#### Exercise instructions:
With pictures omitted, copy exactly the lines from the one containing "Gold 3 Holiday" through the end of the records below.

#### Records contained in a dataset:
━━━━━━

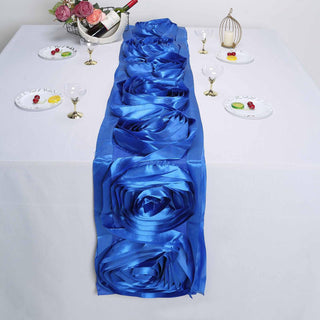 Royal Blue Large Rosette Flower Premium Satin Table Runner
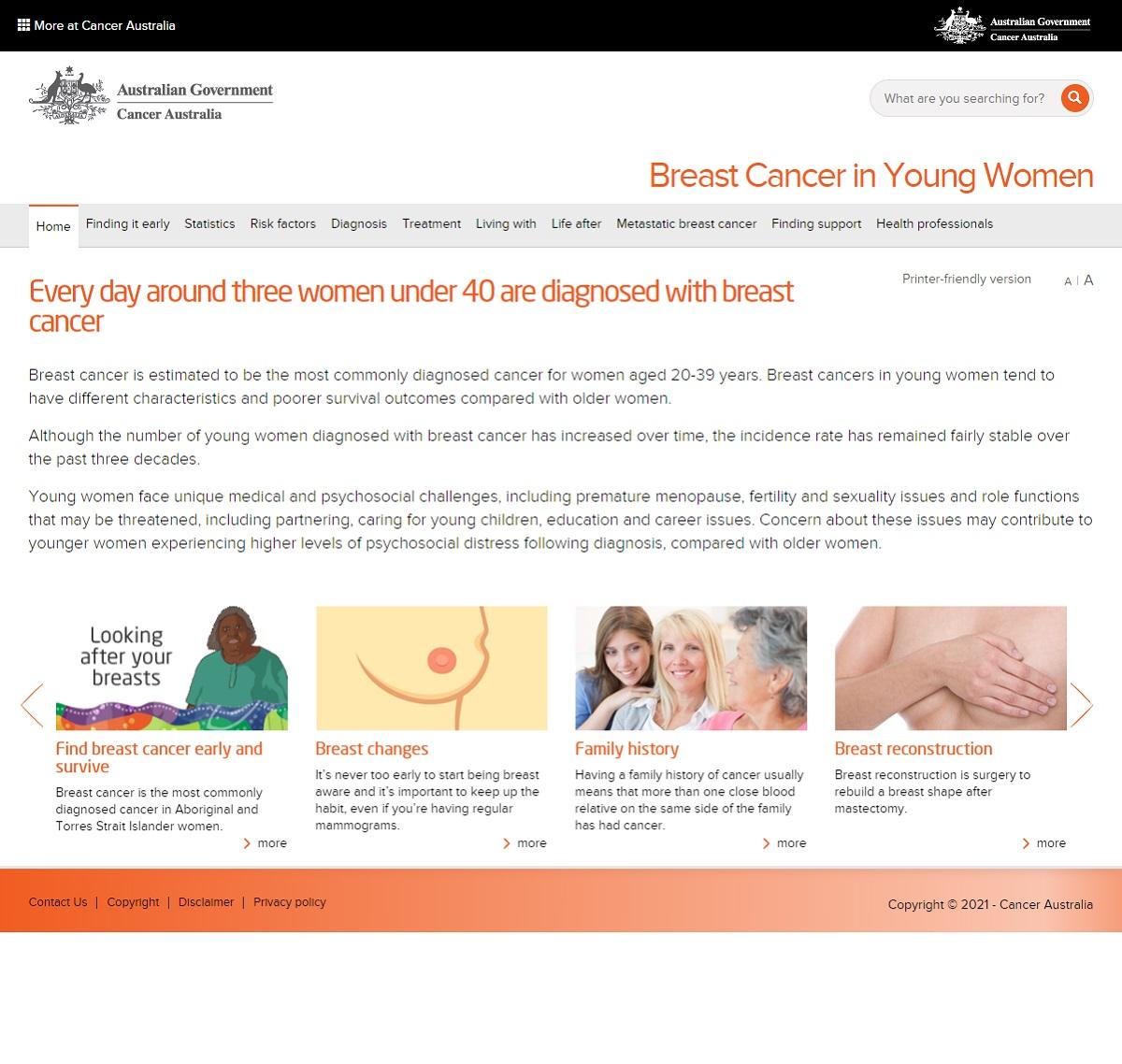 Screenshot of the Breast Cancer in Young Women homepage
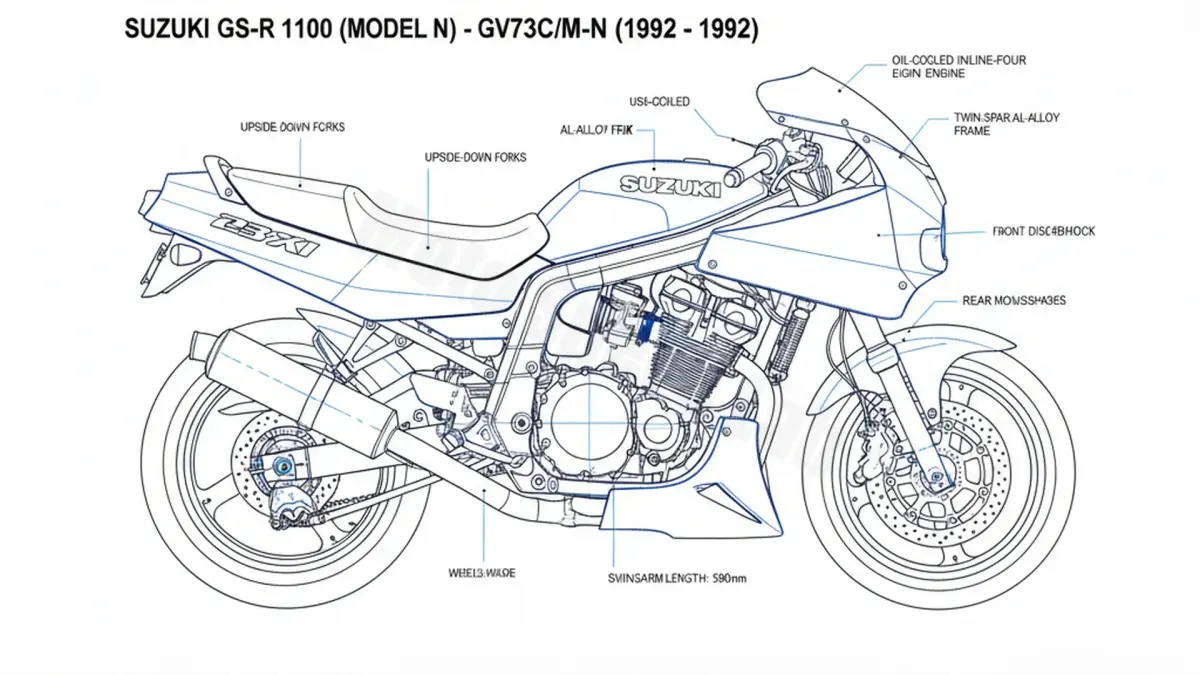Suzuki GSX-R 1100 (MODELL N) - GV73C/M-N Service Guide: Oil Level & Tire Specs specs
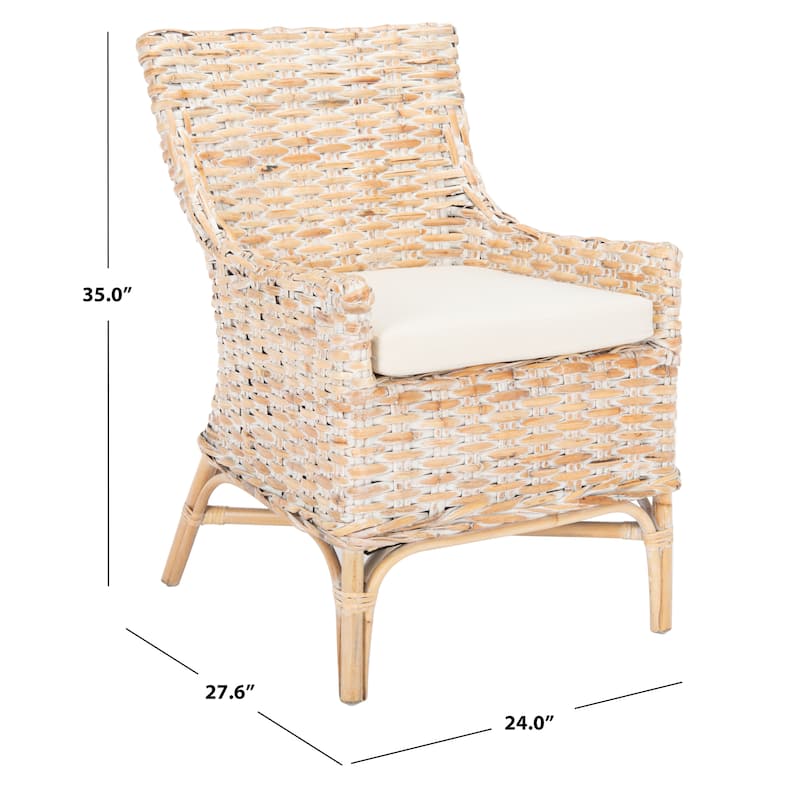 SAFAVIEH Permelia Rattan Accent Chair with Cushion - 24" W x 27.6" L x 35" H - 24Wx28Dx35H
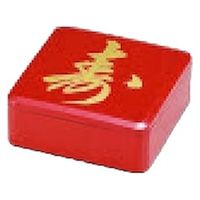 松花堂 ３．８寸重　朱に寿　１段 [8個入] wis-1-459-6　若泉漆器（直送品）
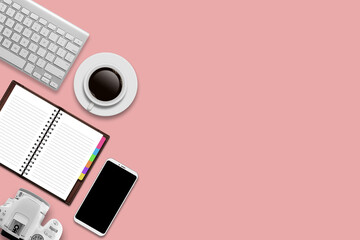 Top View of Home Office Desk,Blank Screen Smart Phone on pink background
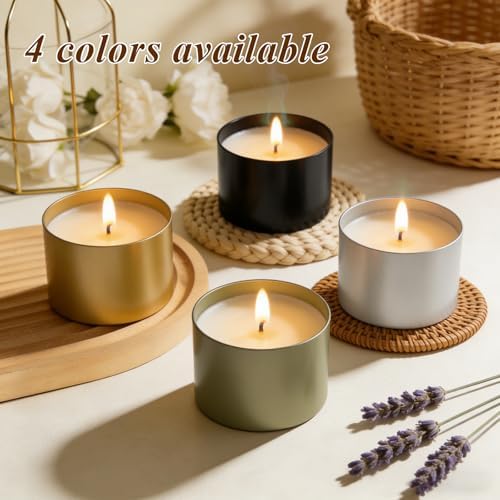 PCREGPAE 4OZ Black Candle Tins Cans with Lids and Wicks for Making Candles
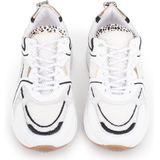 PS Poelman - CIBEL - Dames Sneakers - Wit - Mesh en Leer met Suède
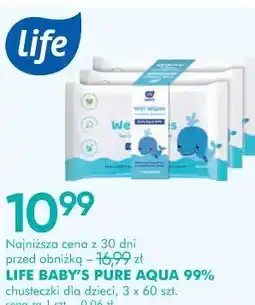 SuperPharm LIFE BABY'S PURE AQUA 99% chusteczki dla dzieci oferta
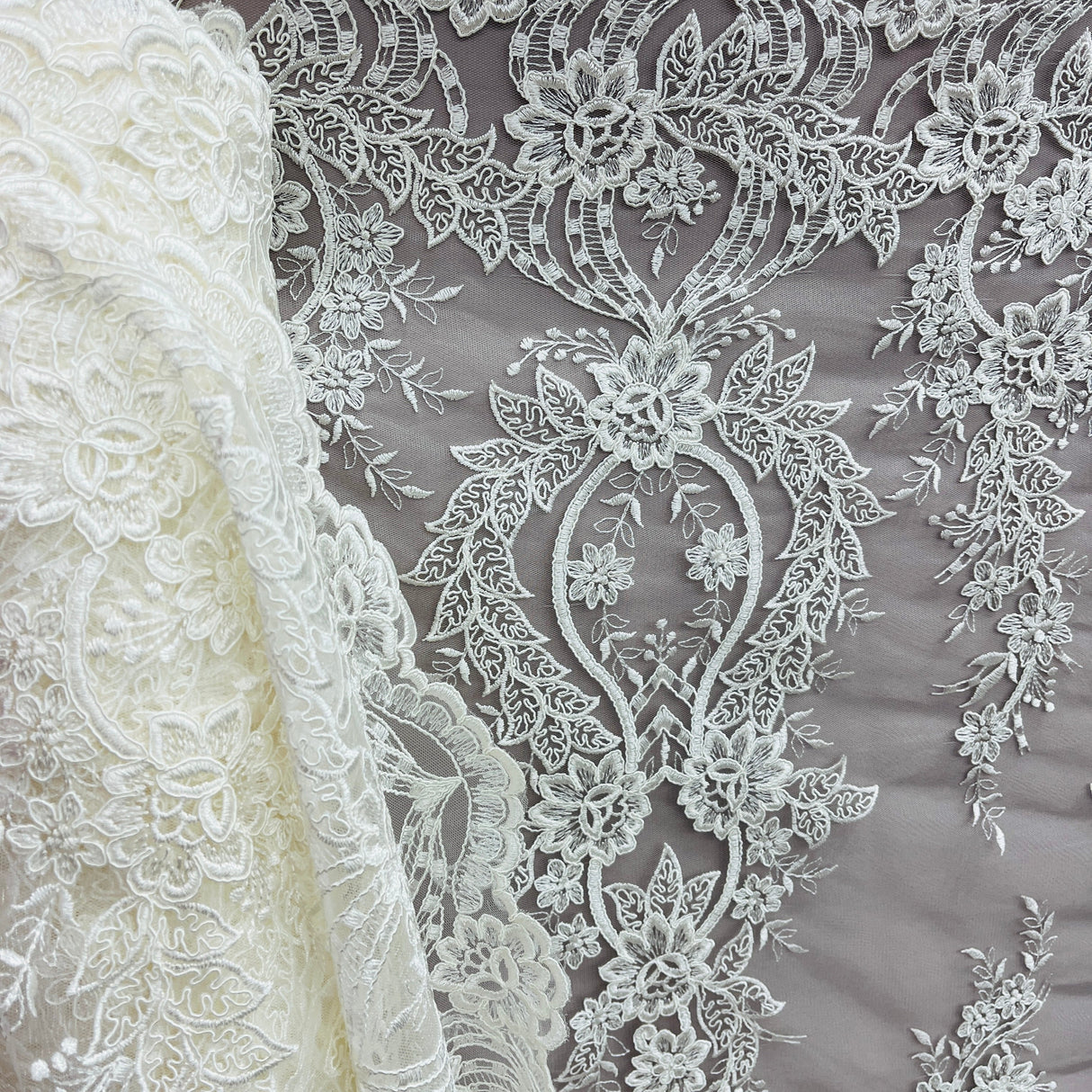 Corded Bridal Lace Fabric - Embroidered Polyester Net Mesh, 54" Wide (1 Yard)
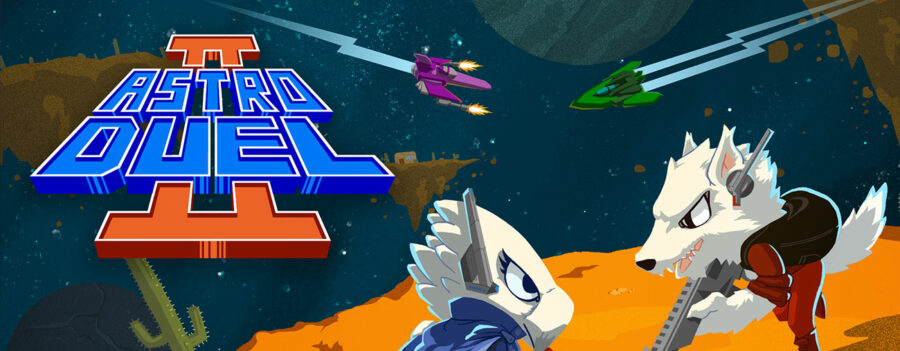 Image de Astro Duel 2 représentant deux créatures dans l'espace sur une planète, en train de se battre au sabre laser et au pistolet.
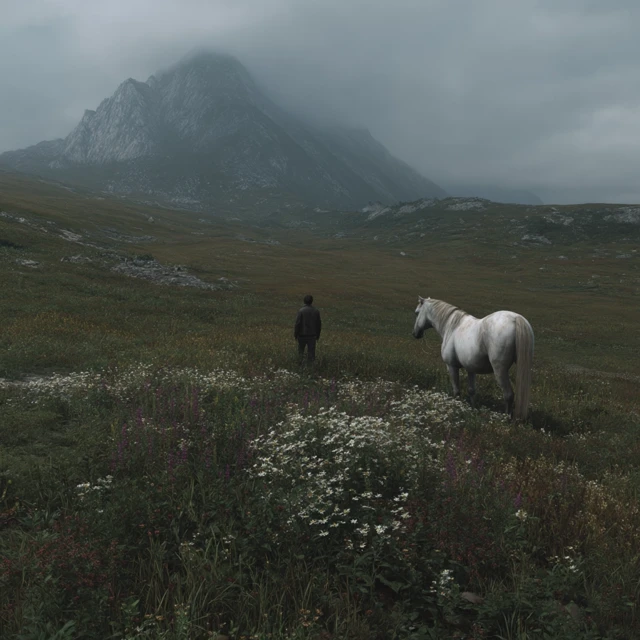 Man and Horse in a Mountain Landscape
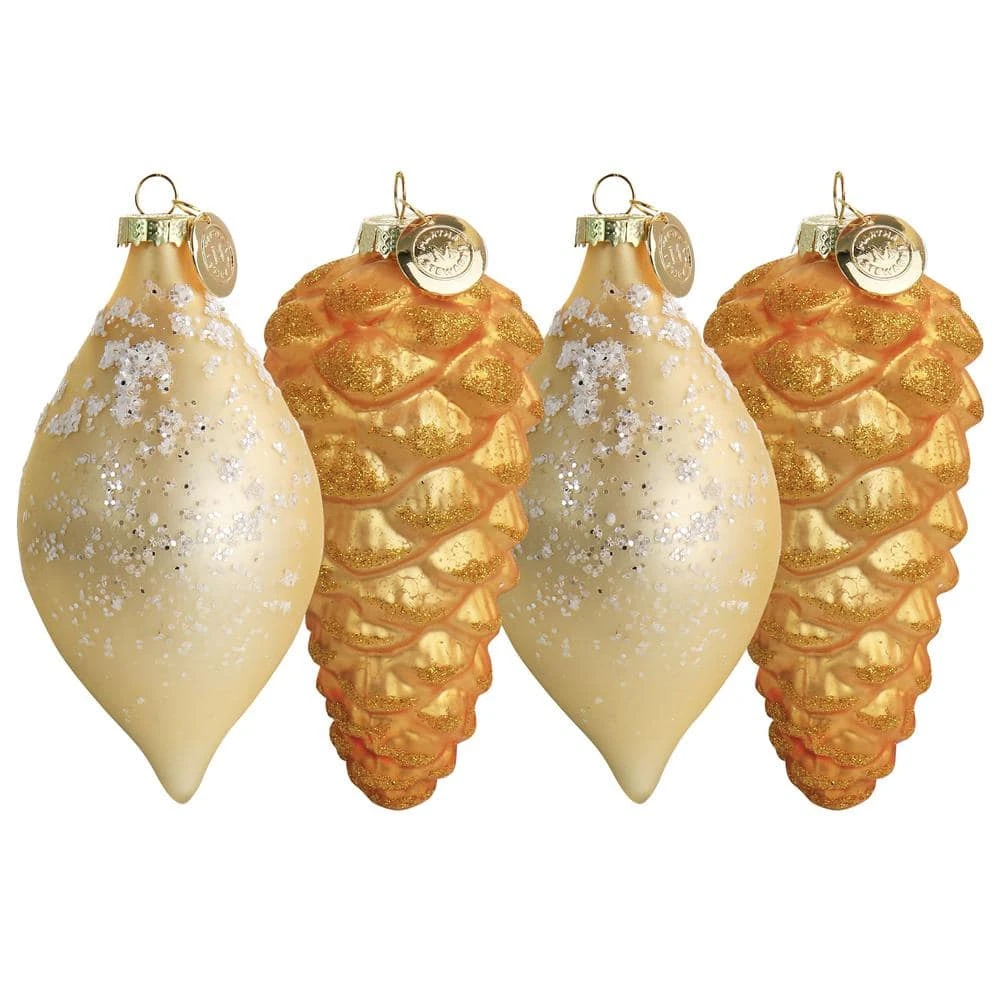 Holiday Pointy Ball And Pinecone 4 Piece Ornament Set In Gold 3 Holiday Pointy Ball And Pinecone 4 Piece Ornament Set In Gold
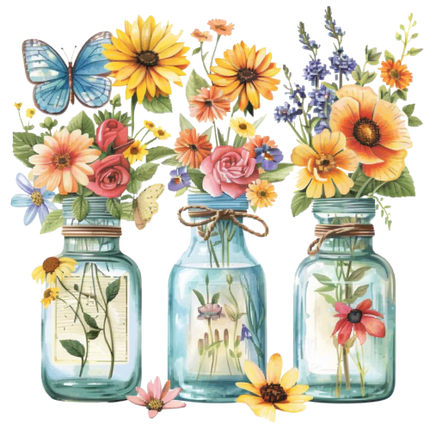 (272-02-1) Wildflowers Mason Jar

━━━━━━

#### Solution below:
 Holiday Pointy Ball And Pinecone 4 Piece Ornament Set In Gold 3 Holiday Pointy Ball And Pinecone 4 Piece Ornament Set In Gold
 (272-02-1) Wildflowers Mason Jar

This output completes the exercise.